Waitrose’s Leckford Estate
The Claim
Waitrose claims to be “the only supermarket to own [their] own farm”, Leckford Estate, which they market to demonstrate their green credentials. Waitrose claim Leckford is “driving change through our farming techniques, responsible sourcing of products, wasting less and our target of becoming carbon net zero.” Most recently, they promoted that Leckford’s tractors are powered by methane produced by cow manure from the estate.
The Problem
Leckford Estate serves as a distraction from the realities of Waitrose’s supply chains, and its claims simply aren’t meaningful in the scale of the business, as required by the Green Claims Code. Every year, Leckford is set to produce a mere “150 beef cattle”, which hardly enters into the 5% of the country’s groceries that pass through Waitrose supermarkets. The overwhelming majority of Waitrose’s beef, let alone its other meat products, are effectively greenwashed by the loud celebration of minor initiatives at Leckford. By recalling the “romanticised vision of the farm”, Leckford leans on the power of nostalgia to hoodwink Waitrose customers into a false sense of security that their products are part of the climate solution – that the qualities of Leckford beef apply to the whole supply chain, which they don’t. The Times described it as a “communist show village” of “comfortable middle classness”.

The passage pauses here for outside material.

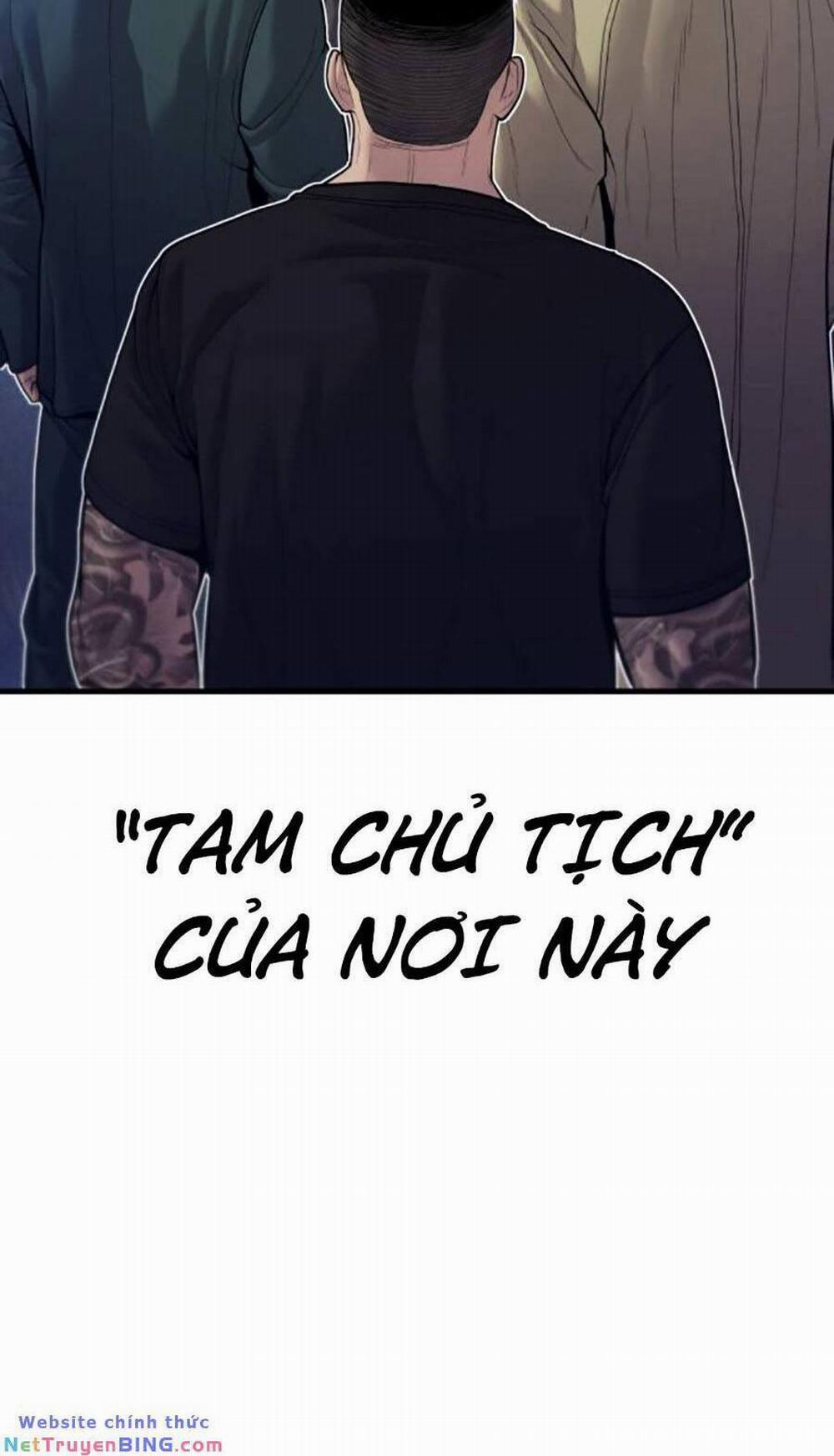 Bố Tôi Là Đặc Vụ 119 trang 119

Whilst Waitrose champions the idea that Leckford ‘leads by example’, the potential of scaling up these initiatives is equally dangerous. Firstly, without a target to reduce its overall sales of meat and dairy as recommended by the Climate Change Committee, Waitrose risks misleading the public that its methods could sustainably meet current demand. If Leckford scaled up its current 2,800 acre estate to cover every single acre of available pasture land in the UK, it would still only be able to produce a quarter of the 2,800,000 cattle currently slaughtered in the UK each year. [2] In other words, it would need to cover almost the entire land area (88.1%) of the UK to meet our current beef consumption, bulldozing everything into beef pastures and Leckford visitor centres on the way.
Waitrose’s suggested ‘lead by example’ initiatives are not fair and meaningful in comparison to its genuine day-to-day operations, as required by the Green Claims Code. In advertising, claims relating to one part of a product or service shouldn’t mislead people about the overall impact of the product or business. This is exactly what Waitrose’s promotion of Leckford Estate does, and without an overall meat and dairy reduction target to accompany, the overall claim of Leckford to be “driving change” for the John Lewis Partnership’s 2050 Net Zero target remains unsubstantiated at best.
Sainsbury’s Reduced Carbon Beef
The Claim
Sainsbury’s is next on our (hit) list, with its October launch of ‘Reduced Carbon Beef’.
The retailer claims that its new Taste the Difference Aberdeen Angus range offers 25% lower CO2 equivalent emissions than the ‘industry standard’ for beef. After some pressure, Sainsbury’s published the ‘industry standard’ marker at 32.14kg Co2e per kg of beef on the shelf, which would out their new product at 24.105kg of CO2e per kg of beef.
The Problem
Sainsbury’s has not made their methodology available for public scrutiny. This claim appears to rest on earlier slaughter for the animals (not mentioned on the packaging) with few further details provided. According to the CMA, green claims must be clear, unambiguous, and substantiated, which this is not.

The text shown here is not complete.